-- Entries provided --

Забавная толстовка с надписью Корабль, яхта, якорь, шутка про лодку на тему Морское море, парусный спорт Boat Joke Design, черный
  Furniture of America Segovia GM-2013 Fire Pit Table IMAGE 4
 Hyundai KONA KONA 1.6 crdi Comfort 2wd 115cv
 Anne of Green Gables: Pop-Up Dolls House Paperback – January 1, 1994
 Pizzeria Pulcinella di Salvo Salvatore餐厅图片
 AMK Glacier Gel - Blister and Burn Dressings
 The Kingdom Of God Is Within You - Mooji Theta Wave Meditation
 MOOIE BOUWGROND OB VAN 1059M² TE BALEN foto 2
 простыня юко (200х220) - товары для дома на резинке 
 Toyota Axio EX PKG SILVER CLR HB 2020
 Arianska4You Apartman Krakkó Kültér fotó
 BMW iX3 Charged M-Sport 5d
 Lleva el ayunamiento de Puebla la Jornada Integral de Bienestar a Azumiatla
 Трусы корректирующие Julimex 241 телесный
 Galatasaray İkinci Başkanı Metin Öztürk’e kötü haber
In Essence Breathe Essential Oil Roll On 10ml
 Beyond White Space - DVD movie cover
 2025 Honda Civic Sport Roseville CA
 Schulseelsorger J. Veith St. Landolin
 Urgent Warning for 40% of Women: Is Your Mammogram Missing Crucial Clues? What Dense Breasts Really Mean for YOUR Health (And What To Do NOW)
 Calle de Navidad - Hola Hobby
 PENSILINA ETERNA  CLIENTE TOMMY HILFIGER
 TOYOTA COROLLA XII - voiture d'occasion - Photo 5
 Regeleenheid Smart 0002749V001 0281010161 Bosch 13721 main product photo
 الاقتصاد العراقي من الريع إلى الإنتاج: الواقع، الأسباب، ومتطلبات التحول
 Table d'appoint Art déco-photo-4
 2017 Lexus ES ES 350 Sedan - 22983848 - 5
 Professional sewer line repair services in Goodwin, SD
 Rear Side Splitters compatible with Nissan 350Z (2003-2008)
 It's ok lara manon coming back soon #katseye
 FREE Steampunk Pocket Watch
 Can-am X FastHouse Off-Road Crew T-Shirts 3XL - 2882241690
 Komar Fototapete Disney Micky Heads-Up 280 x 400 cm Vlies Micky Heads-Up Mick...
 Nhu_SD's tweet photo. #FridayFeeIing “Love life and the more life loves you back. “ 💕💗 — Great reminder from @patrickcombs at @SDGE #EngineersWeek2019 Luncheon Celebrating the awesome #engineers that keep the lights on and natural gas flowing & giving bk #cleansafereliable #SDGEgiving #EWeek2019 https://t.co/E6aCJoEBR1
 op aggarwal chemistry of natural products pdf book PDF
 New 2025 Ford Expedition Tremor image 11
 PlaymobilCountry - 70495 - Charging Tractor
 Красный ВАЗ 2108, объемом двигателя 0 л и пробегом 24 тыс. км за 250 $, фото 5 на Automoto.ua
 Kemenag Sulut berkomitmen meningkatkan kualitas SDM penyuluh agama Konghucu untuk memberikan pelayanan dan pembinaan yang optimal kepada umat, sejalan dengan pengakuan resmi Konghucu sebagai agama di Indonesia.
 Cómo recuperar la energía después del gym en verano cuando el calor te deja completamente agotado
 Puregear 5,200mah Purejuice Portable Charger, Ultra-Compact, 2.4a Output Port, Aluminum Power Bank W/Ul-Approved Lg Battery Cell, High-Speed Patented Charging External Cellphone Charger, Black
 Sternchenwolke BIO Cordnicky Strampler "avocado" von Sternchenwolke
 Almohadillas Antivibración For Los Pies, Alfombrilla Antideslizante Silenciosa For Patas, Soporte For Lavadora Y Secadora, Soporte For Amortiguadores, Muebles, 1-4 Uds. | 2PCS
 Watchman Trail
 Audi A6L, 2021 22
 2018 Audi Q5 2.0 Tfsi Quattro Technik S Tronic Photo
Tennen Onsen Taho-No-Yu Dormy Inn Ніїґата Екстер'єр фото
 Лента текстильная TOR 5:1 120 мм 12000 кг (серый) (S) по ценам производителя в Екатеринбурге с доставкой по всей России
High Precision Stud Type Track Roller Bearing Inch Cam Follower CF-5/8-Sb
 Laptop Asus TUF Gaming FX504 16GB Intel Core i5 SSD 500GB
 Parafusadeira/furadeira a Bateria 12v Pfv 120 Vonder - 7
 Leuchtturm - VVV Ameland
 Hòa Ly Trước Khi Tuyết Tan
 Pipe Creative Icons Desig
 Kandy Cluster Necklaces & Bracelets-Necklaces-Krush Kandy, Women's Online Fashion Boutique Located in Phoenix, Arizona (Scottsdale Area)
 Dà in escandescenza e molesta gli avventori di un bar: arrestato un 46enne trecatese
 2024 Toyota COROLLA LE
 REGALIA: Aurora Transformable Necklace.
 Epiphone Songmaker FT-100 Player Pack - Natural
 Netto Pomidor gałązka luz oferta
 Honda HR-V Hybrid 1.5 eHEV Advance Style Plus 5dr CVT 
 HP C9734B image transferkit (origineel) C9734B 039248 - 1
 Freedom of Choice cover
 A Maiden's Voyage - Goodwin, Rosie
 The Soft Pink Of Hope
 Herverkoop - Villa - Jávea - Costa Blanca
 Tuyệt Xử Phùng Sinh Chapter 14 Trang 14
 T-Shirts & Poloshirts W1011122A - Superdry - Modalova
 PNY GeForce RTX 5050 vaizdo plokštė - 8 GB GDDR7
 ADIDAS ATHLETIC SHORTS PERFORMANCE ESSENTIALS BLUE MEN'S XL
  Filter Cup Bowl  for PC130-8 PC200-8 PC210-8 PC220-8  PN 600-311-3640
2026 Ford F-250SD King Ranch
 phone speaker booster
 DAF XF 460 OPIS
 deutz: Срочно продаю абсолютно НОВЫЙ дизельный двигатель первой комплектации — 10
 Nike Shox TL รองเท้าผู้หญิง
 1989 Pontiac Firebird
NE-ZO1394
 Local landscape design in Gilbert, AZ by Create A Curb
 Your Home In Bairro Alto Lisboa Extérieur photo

-- Work to complete --
Copy the records above exactly, beginning at the line that contains "الاقتصاد العراقي من" and stopping after the line that contains "Pipe Creative Icons Desig".

-- Result --
 الاقتصاد العراقي من الريع إلى الإنتاج: الواقع، الأسباب، ومتطلبات التحول
 Table d'appoint Art déco-photo-4
 2017 Lexus ES ES 350 Sedan - 22983848 - 5
 Professional sewer line repair services in Goodwin, SD
 Rear Side Splitters compatible with Nissan 350Z (2003-2008)
 It's ok lara manon coming back soon #katseye
 FREE Steampunk Pocket Watch
 Can-am X FastHouse Off-Road Crew T-Shirts 3XL - 2882241690
 Komar Fototapete Disney Micky Heads-Up 280 x 400 cm Vlies Micky Heads-Up Mick...
 Nhu_SD's tweet photo. #FridayFeeIing “Love life and the more life loves you back. “ 💕💗 — Great reminder from @patrickcombs at @SDGE #EngineersWeek2019 Luncheon Celebrating the awesome #engineers that keep the lights on and natural gas flowing & giving bk #cleansafereliable #SDGEgiving #EWeek2019 https://t.co/E6aCJoEBR1
 op aggarwal chemistry of natural products pdf book PDF
 New 2025 Ford Expedition Tremor image 11
 PlaymobilCountry - 70495 - Charging Tractor
 Красный ВАЗ 2108, объемом двигателя 0 л и пробегом 24 тыс. км за 250 $, фото 5 на Automoto.ua
 Kemenag Sulut berkomitmen meningkatkan kualitas SDM penyuluh agama Konghucu untuk memberikan pelayanan dan pembinaan yang optimal kepada umat, sejalan dengan pengakuan resmi Konghucu sebagai agama di Indonesia.
 Cómo recuperar la energía después del gym en verano cuando el calor te deja completamente agotado
 Puregear 5,200mah Purejuice Portable Charger, Ultra-Compact, 2.4a Output Port, Aluminum Power Bank W/Ul-Approved Lg Battery Cell, High-Speed Patented Charging External Cellphone Charger, Black
 Sternchenwolke BIO Cordnicky Strampler "avocado" von Sternchenwolke
 Almohadillas Antivibración For Los Pies, Alfombrilla Antideslizante Silenciosa For Patas, Soporte For Lavadora Y Secadora, Soporte For Amortiguadores, Muebles, 1-4 Uds. | 2PCS
 Watchman Trail
 Audi A6L, 2021 22
 2018 Audi Q5 2.0 Tfsi Quattro Technik S Tronic Photo
Tennen Onsen Taho-No-Yu Dormy Inn Ніїґата Екстер'єр фото
 Лента текстильная TOR 5:1 120 мм 12000 кг (серый) (S) по ценам производителя в Екатеринбурге с доставкой по всей России
High Precision Stud Type Track Roller Bearing Inch Cam Follower CF-5/8-Sb
 Laptop Asus TUF Gaming FX504 16GB Intel Core i5 SSD 500GB
 Parafusadeira/furadeira a Bateria 12v Pfv 120 Vonder - 7
 Leuchtturm - VVV Ameland
 Hòa Ly Trước Khi Tuyết Tan
 Pipe Creative Icons Desig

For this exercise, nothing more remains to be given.